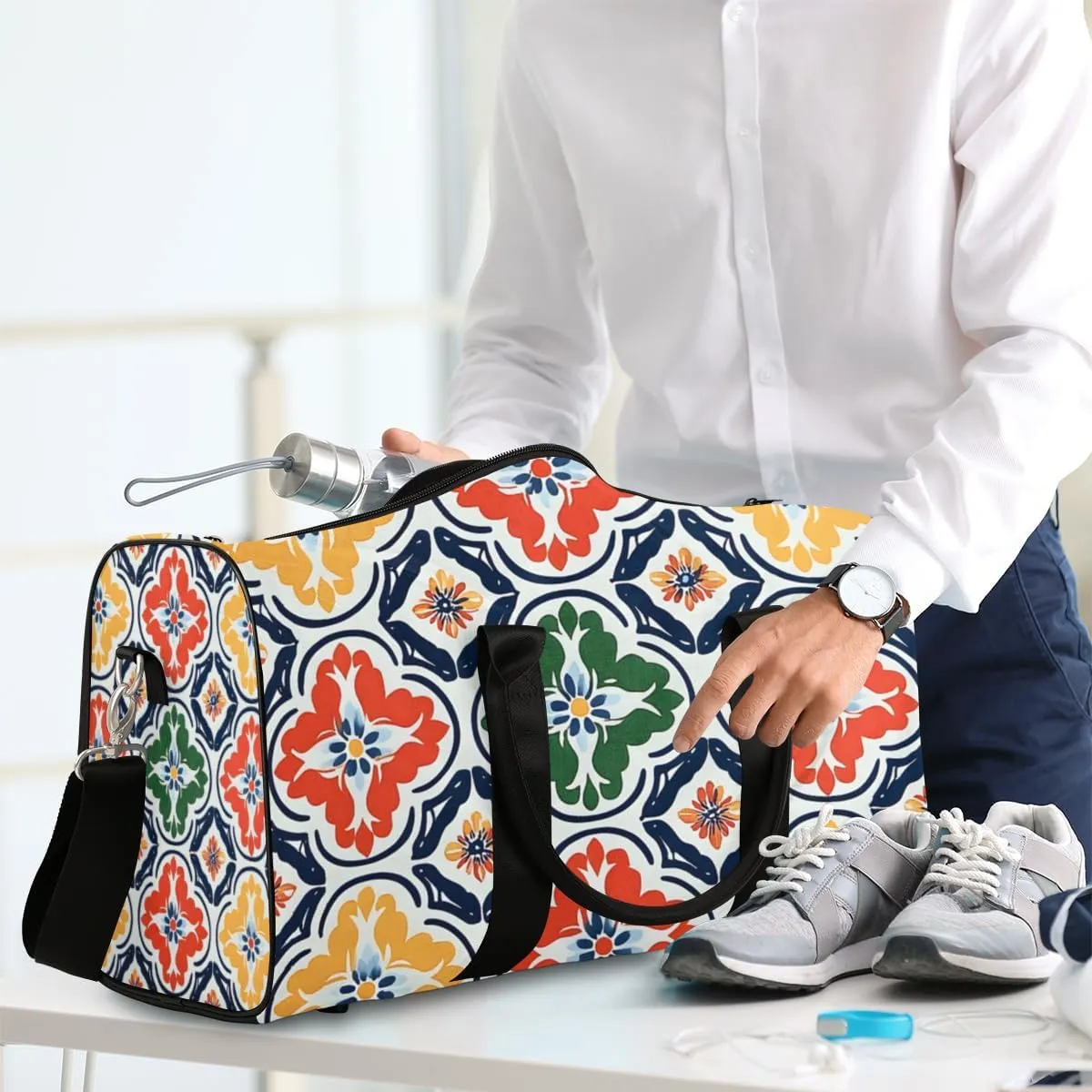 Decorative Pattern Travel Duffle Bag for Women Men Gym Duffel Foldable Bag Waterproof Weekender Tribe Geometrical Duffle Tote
* * *
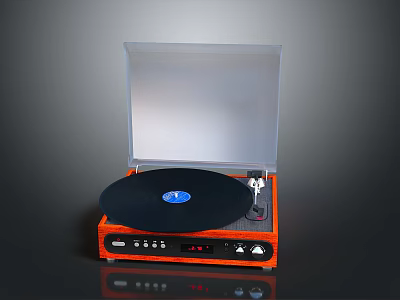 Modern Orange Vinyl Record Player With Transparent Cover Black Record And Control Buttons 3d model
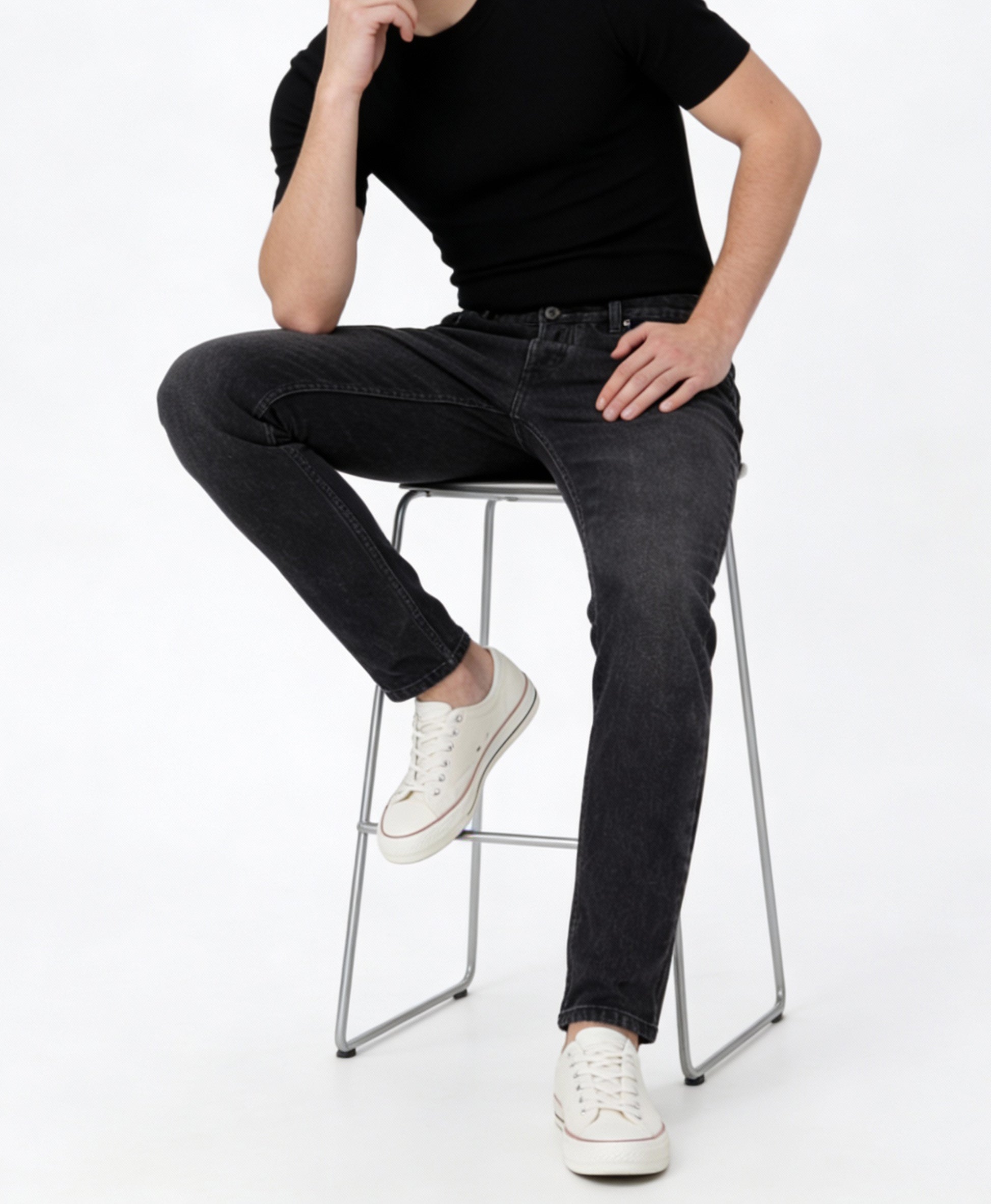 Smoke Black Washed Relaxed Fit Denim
--
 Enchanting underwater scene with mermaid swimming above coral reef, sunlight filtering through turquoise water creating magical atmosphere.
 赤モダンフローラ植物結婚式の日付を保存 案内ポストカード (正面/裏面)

## [WHAT THIS TASK INVOLVES]
Given the listing above, repeat exactly the lines starting at the one with "Modern Orange Vinyl" and ending at the one with "Smoke Black Washed Relaxed Fit Denim", inclusive, excluding pictures.

## [SOLVED PROBLEM]
 Modern Orange Vinyl Record Player With Transparent Cover Black Record And Control Buttons 3d model
 Smoke Black Washed Relaxed Fit Denim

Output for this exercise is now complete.